In use, the blocks are removed from the set, cleaned of their protective coating and wrung together to form a stack of the required dimension, with the minimum number of blocks. Gauge blocks are calibrated to be accurate at 68 °F (20 °C) and should be kept at this temperature when taking measurements. This mitigates the effects of thermal expansion. The wear blocks are included at each end of the stack, whenever possible, because they protect the gauge blocks from being damaged in use.
Gauge Block Grades
They are available in various grades depending on their intended use. Various grading standards include: JIS B 7506-1997 (Japan)/DIN 861-1980 (Germany), ASME (US), BS 4311: Part 1: 1993 (UK). Tolerances will vary within the same grade as the thickness of the material increases.

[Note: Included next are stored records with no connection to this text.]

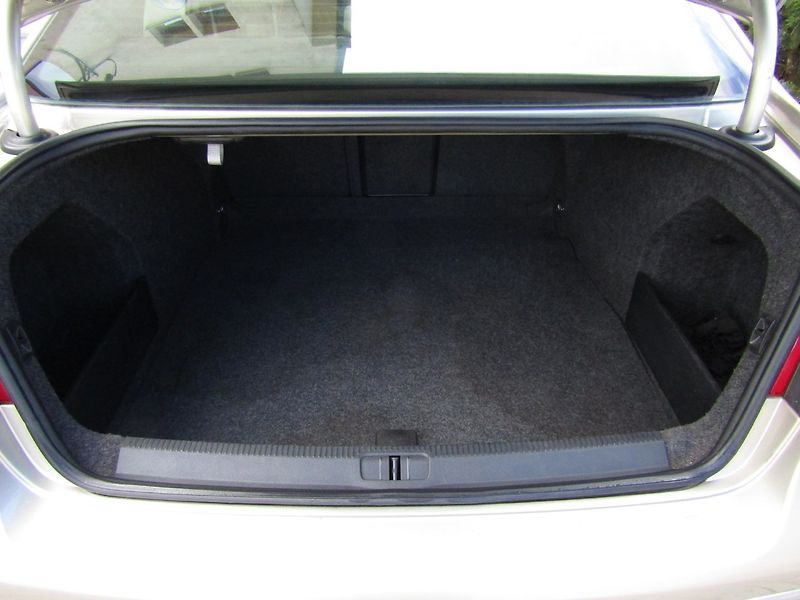 Volkswagen Passat (2008) 2.0 TDI 103kW - fotka 23 z 36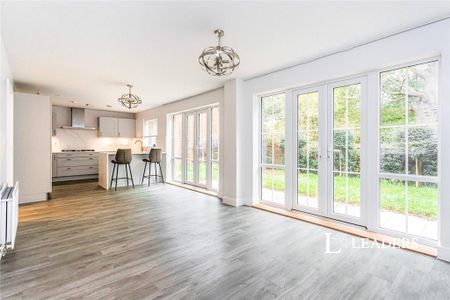 4 bedroom detached house to rent - Photo 2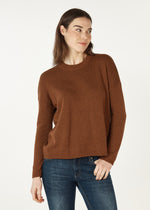 ESSENTIAL ROUND NECK IN COFFEE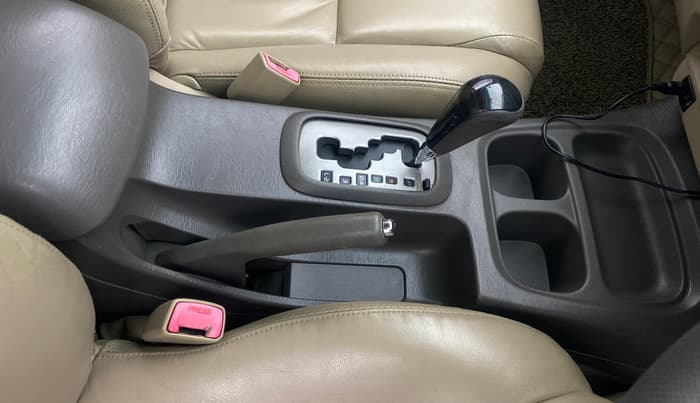 2013 Toyota Fortuner 3.0 4X2 AT, Diesel, Automatic, 1,25,493 km, Gear Lever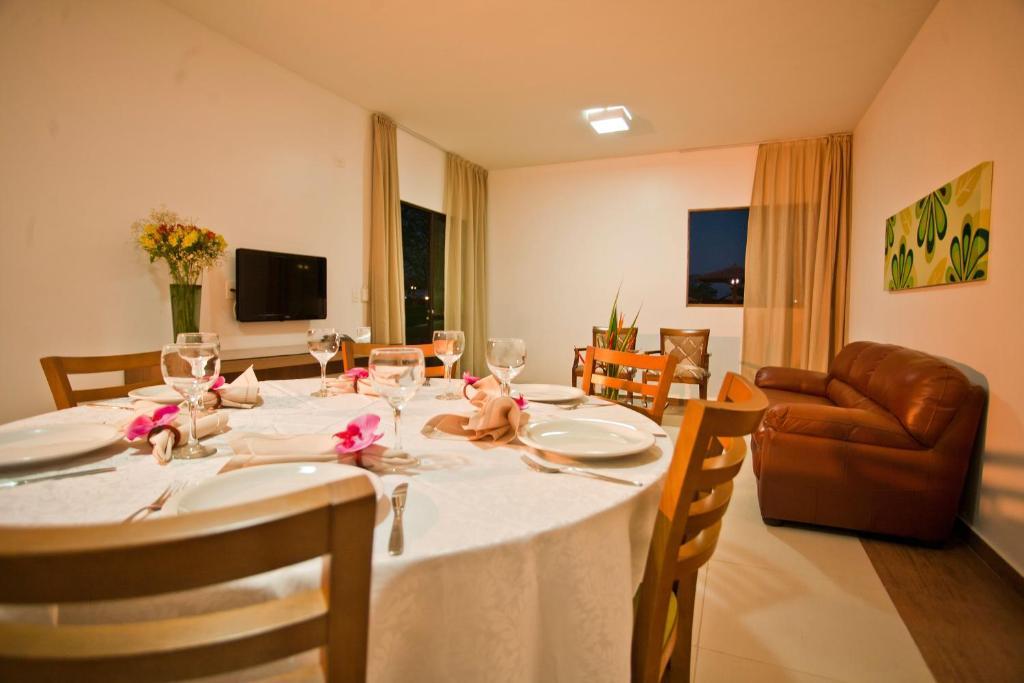 Canarius De Hotel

reference (AAA): small tolerance(±0.05 μm or ±0.000002 in) used to establish standards
calibration (AA): (tolerance +0.10 μm to −0.05 μm) used to calibrate inspection blocks and very high precision gauging
inspection (A): (tolerance +0.15 μm to −0.05 μm) used as toolroom standards for setting other gauging tools
workshop (B): large tolerance (tolerance +0.25 μm to −0.15 μm) used as shop standards for precision measurement
More recent grade designations include (U.S. Federal Specification GGG-G-15C):
0.5 — generally equivalent to grade AAA
1 — generally equivalent to grade AA
2 — generally equivalent to grade A+
3 — compromise grade between A and B
and ANSI/ASME B89.1.9M, which defines both absolute deviations from nominal dimensions and parallelism limits as criteria for grade determination.
Generally, grades are equivalent to former U.S. Federal grades as follows:
00 — generally equivalent to grade 1 (most exacting flatness and accuracy requirements)
0 — generally equivalent to grade 2
AS-1 — generally equivalent to grade 3 (reportedly stands for American Standard - 1)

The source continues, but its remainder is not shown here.